O Ministério Público de Santa Catarina (MPSC) recomendou à Prefeitura de Florianópolis que revogue, em até 30 dias, o Decreto nº 28.550/2025, que criou o programa “Marmita Legal” e impôs restrições à distribuição voluntária de alimentos em espaços públicos da capital catarinense.
Segundo o parecer emitido pela 33ª Promotoria de Justiça da Capital, o texto da Prefeitura impõe barreiras à solidariedade e fere princípios constitucionais ao obrigar que as doações ocorram apenas em locais previamente definidos pela gestão municipal. Além disso, voluntários e entidades precisam se cadastrar para atuar, o que o órgão considera uma forma de burocratizar a solidariedade espontânea.

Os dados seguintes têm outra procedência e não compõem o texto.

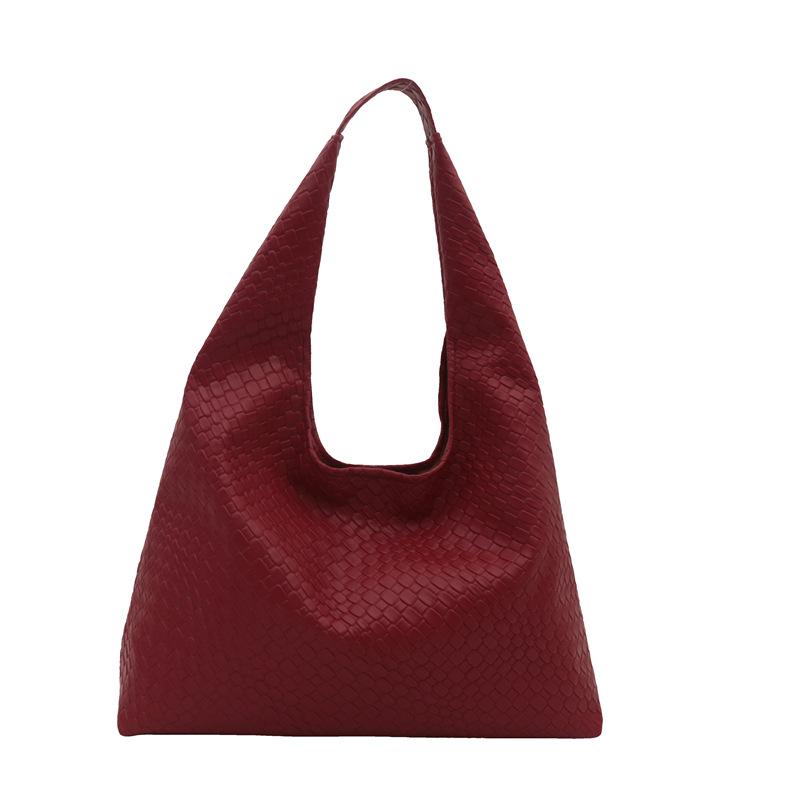 Wholesale Woven Underarm Tote Bag 2025 New Retro Large Capacity Solid Color Shoulder Bag Popular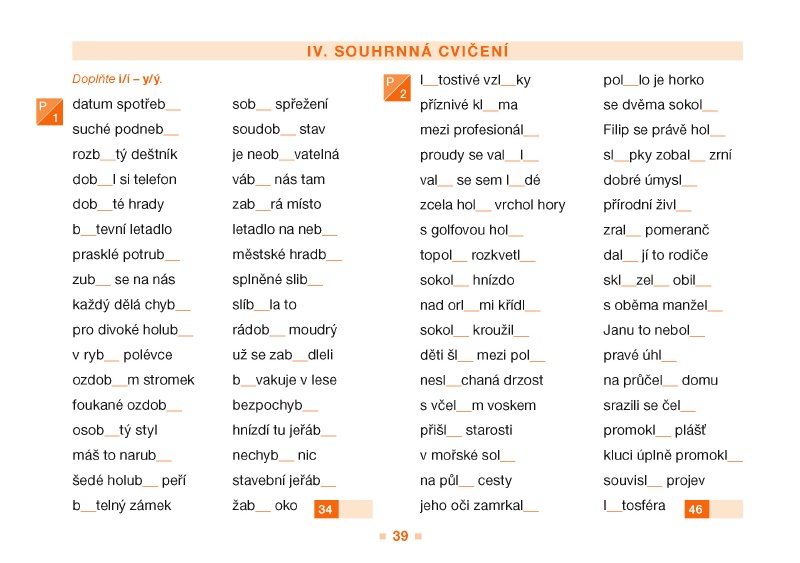 Souhrnná cvičení Souhrnná cvičení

Violação de direitos fundamentais
O Ministério Público argumenta que o decreto restringe o acesso à alimentação e cria obstáculos para pessoas em situação de rua, o que configura violação direta ao artigo 6º da Constituição Federal, que garante o direito fundamental à comida. O parecer cita ainda tratados internacionais, como o Pacto Internacional sobre Direitos Econômicos, Sociais e Culturais (PIDESC), do qual o Brasil é signatário.

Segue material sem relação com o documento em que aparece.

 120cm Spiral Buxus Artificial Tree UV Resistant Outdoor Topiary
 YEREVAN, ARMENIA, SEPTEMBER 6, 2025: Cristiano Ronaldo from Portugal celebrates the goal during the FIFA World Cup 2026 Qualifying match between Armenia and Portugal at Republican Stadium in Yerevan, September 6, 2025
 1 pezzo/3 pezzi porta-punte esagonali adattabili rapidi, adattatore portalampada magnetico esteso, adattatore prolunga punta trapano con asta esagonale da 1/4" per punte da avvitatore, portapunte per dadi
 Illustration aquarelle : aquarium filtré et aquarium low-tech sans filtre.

Além disso, a promotoria aponta que as multas e sanções previstas para quem descumprir o decreto não possuem respaldo legal e são desproporcionais. Para o órgão, o texto equipara o ato de doar alimentos a uma infração, o que “fere o Estado Democrático de Direito”.
Repercussão e origem da medida
O decreto, publicado em 22 de setembro de 2025, foi alvo de críticas de entidades sociais, conselhos e voluntários que atuam com a população em situação de rua. Nos últimos dias, uma ação popular foi protocolada por Padre Pedro Baldissera (PT), deputado estadual, e pelo Padre Júlio Lancellotti, conhecido por trabalhos humanitários em São Paulo. Ambos pedem a suspensão imediata da norma e afirmam que ela “criminaliza a solidariedade”.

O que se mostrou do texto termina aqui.